Acquacoltura e siccità: la siccità, in sintesi, sembra aver accelerato le difficoltà del settore. «Possiamo dire che l’intera acquacoltura d’acqua dolce in Italia sta lavorando in perdita. Al Centro Italia le cose vanno un po’ meglio che al Nord, ma il trend è uguale per tutti», conferma Fariano. L’esigenza, quindi, è quella di tenere sotto controllo i conti economici. Come? Per esempio, vendendo il prodotto in fase di allevamento anche al costo di perderci a livello di taglia. Un’azione funzionale a liberare spazio nelle poche vasche in cui c’è acqua di qualità e non ritrovarsi con un buco di produzione nei prossimi mesi. «Oltre alla produzione, c’è un aspetto finanziario da tenere insieme; la siccità ha fatto esplodere il conto economico delle aziende: dai mangimi all’ossigeno passando per la logistica, tutte le materie prime e i servizi sono aumentati erodendo i margini di guadagno», conclude Fariano.
Fortunatamente, però, da un punto di vista sanitario la siccità non ha causato danni.

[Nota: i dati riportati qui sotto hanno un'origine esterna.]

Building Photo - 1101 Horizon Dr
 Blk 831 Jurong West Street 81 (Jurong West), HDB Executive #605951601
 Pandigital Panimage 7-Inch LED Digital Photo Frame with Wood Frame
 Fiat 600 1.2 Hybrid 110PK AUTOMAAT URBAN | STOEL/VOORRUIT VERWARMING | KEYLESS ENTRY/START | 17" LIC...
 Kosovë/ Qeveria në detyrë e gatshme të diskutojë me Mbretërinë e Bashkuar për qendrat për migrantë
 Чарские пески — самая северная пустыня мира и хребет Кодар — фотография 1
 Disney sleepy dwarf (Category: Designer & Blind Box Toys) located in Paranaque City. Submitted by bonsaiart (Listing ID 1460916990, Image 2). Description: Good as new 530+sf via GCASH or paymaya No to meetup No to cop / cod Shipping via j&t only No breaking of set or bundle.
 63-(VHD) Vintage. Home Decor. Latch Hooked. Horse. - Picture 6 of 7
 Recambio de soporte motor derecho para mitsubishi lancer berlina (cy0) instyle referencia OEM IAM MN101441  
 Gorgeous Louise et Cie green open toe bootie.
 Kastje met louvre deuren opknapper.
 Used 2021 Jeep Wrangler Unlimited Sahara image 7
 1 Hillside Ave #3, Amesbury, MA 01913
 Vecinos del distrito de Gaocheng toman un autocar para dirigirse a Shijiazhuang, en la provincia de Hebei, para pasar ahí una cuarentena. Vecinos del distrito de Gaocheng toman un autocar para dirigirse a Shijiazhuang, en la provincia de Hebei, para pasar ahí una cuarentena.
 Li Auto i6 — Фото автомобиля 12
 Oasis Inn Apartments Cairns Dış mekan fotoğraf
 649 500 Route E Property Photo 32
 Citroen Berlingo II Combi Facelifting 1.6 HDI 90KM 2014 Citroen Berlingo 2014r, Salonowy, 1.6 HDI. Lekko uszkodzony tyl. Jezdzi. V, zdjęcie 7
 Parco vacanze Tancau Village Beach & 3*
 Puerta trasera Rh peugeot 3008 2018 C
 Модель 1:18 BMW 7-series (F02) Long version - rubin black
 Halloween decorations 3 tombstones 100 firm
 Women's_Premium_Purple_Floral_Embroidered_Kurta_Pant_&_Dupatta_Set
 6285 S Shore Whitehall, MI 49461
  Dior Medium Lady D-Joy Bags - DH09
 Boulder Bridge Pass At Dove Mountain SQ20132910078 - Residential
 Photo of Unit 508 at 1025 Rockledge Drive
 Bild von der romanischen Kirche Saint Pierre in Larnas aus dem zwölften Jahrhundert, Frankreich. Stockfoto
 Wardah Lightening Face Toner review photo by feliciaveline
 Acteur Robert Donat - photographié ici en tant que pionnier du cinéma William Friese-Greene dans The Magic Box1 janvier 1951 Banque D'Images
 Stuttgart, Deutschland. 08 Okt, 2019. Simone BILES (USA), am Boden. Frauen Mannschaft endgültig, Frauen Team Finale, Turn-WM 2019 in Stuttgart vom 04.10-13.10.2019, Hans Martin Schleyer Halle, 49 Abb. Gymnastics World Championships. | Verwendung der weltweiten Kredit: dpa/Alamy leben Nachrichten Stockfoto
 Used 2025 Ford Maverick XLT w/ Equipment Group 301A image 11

Questo vale soprattutto per le produzioni a valle, come quelle legate alla molluschicoltura che si effettua in mare o laguna. «Durante i mesi estivi più caldi non abbiamo osservato particolari anomalie per quanto riguarda la presenza di batteri nelle nostre zone costiere. Di fatto, non essendoci state piogge, non c’è stato nemmeno il rischio di contaminazione. Certo, questo non vuole dire che le cose siano tutte rose e fiori. A cavallo di luglio e agosto, per esempio, abbiamo notato fioriture algali anomale che, però, non hanno impattato sulle produzioni. Sarà curioso vedere cosa succederà dopo le precipitazioni di metà settembre. Ma siamo ancora nel campo delle ipotesi e del calcolo delle probabilità per quanto riguarda eventuali contaminazioni da Escherichia coli o simili», spiega Giorgia Polli, coordinatrice Cti – Centro tecnico informativo per la sicurezza alimentare dei molluschi bivalvi del Friuli-Venezia Giulia.
Siccità, però, fa rima con aumento delle temperature. Un trend di lungo periodo che preoccupa ben di più gli esperti di acquacoltura. «Il problema di questa stagione non è stato tanto il picco di calore, che ha aggravato la situazione generata dalle mancate precipitazioni, quanto la continuità delle alte temperature. Acquacoltura e siccità: Con un mare a 30° per lungo tempo il rischio di proliferazione di batteri e organismi come le alghe e le meduse sale. Inoltre, riscontriamo una presenza sempre più massiccia di specie aliene che popolano le nostre coste e rischiano di far venire meno il naturale equilibrio in cui si inserisce l’allevamento di molluschi», conclude Polli.